Despite the attacks on its Saudi ally and having one of its own drones shot down, the United States has avoided equivalent retaliation.
"We've seen a deliberate gradual U.S. disengagement," Parly said at the annual Manama Dialogue on regional security, adding it had been "on the cards for a while" but had become clearer with recent events.
"When the mining of ships went unanswered, the drone got shot. When that in turn went unanswered, major oil facilities were bombed. Where does it stop? Where are the stabilisers?" she asked.
"The region is accustomed to the ebb and flow of U.S. involvement.

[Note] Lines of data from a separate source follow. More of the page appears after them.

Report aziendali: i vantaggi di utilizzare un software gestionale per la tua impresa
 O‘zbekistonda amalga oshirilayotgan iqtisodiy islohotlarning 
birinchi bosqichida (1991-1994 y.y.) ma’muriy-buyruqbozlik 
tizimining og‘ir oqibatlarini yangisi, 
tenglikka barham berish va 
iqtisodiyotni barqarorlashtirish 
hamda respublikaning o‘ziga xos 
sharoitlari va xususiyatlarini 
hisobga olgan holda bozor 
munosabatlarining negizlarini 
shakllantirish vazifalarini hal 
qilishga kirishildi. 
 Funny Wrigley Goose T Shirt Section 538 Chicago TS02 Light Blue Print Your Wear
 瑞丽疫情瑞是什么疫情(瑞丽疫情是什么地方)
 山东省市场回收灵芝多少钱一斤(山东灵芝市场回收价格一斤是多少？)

But this time it seemed more serious."
Parly said the U.S. drawback was a "slow process" and acknowledged that a U.S. carrier strike group had just entered the Gulf.
"But the trend is, I think, quite clear and thus probably irrespective of who wins the next elections."
The U.S. aircraft carrier strike group Abraham Lincoln sailed through the Strait of Hormuz last week to show Washington's "commitment" to freedom of navigation, the Pentagon said.
It was the first time a U.S. aircraft carrier group has passed through the strait since Iran downed a U.S. drone in June in the same area.
Speaking from the same stage in Bahrain, Saudi Minister of State for Foreign Affairs Adel al-Jubeir insisted there was no U.S. withdrawal from the region and no doubt about its commitment.
"We believe the U.S. is very dependable ally, and has been for the past seven decades" he said of its staunch ally.
"There is a desire in the U.S. historically to try to retreat from the international scene, but that desire is not is reflected in America's posture".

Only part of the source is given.